O ECO e a Independência

Capa da edição do dia 3 de setembro de 1972 (Foto: Arquivo/O ECO)

O 7 de setembro de 1822 é anualmente retomado a partir de distintos aspectos ou/e perspectivas de análise para resgatar e dotar de significação o processo de emancipação político-administrativa do Brasil. Tornado feriado nacional e comemorado anualmente com os tradicionais desfiles cívicos. A data, assim como o 15 de novembro, Proclamação da República, tornou-se marco temporal para a periodização da história do Brasil, sendo reinterpretada e reapropriada ao longo do tempo, demonstrando as leituras do presente sobre o passado.

No âmbito regional, O ECO é fonte importante para visualizar como as narrativas sobre a Independência foram destacadas nas últimas décadas do Século XX. Neste sentido, é possível identificar tanto um noticiário que salienta a festividade e importância da data para a construção nacional, como textos dedicados a trazer ao público leitor informações biográficas sobre os principais personagens associados à conjuntura estabelecida em 1822.

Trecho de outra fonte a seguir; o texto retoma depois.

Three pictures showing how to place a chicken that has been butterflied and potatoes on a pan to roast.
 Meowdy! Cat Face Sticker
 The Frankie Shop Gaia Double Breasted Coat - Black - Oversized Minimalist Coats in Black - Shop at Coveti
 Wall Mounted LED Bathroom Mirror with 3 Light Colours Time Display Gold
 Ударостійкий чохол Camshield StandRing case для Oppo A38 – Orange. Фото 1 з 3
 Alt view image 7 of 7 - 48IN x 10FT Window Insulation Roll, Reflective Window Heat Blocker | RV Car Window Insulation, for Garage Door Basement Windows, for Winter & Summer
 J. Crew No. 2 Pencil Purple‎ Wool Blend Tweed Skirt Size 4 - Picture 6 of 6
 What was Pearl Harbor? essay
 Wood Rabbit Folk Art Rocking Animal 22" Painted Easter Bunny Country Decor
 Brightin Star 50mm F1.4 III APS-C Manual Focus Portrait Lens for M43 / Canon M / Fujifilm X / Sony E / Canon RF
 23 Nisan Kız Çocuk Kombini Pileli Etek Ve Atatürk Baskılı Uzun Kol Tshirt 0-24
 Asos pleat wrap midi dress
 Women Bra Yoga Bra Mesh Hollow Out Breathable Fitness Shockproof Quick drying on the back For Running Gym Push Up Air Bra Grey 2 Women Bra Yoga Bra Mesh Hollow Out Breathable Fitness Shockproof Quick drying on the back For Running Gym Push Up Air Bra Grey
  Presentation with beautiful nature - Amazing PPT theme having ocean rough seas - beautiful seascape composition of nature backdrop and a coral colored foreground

Deste modo, durante a campanha de nacionalização empreendida por Getúlio Vargas no Estado Novo (1937-1945), o periódico semanal destacou em primeira página a necessidade de valorização dos símbolos nacionais e o exercício do patriotismo. Chamou os lençoenses a estender a bandeira do Brasil em suas casas, gesto “inédito na história de Lençóis Paulista” e “demonstrativo da fé inquebrantável do povo de Lençóis depositado nos promissores destinos do Brasil”. (O ECO, 1942).

Três décadas depois, em 1972, quando do sesquicentenário da Independência, a edição de O ECO foi produzida em tons de verde e amarelo, destacando uma imagem do General Emilio Garrastazu Médici, então presidente da República, ao lado de uma saudação aos 150 anos da data, alocada entre os brasões do Brasil e do estado de São Paulo. Na homenagem, buscava-se destacar as ideias de “nação coesa” e “defesa das suas tradições” no “recanto Paulista”, como a cidade de Lençóis Paulista é mencionada. (O ECO, 1972).

Passados mais dezesseis anos, o destaque era a Constituição de 1988, alcunhada de “Cidadã”. A Independência foi mencionada apenas na quarta página e em letras miúdas, a partir de perfil biográfico escrito por Alexandre Chitto. Intitulado D. Pedro I, trata-se de uma descrição do percurso do primeiro Imperador, de seu apogeu à crise da Abdicação. Por meio de descrição do espaço urbano de São Paulo, o editor-chefe do jornal procurou referenciar o contexto em que o “Príncipe Real” estava inserido, suas decisões políticas e os embates pelo trono português após a morte de D. João VI.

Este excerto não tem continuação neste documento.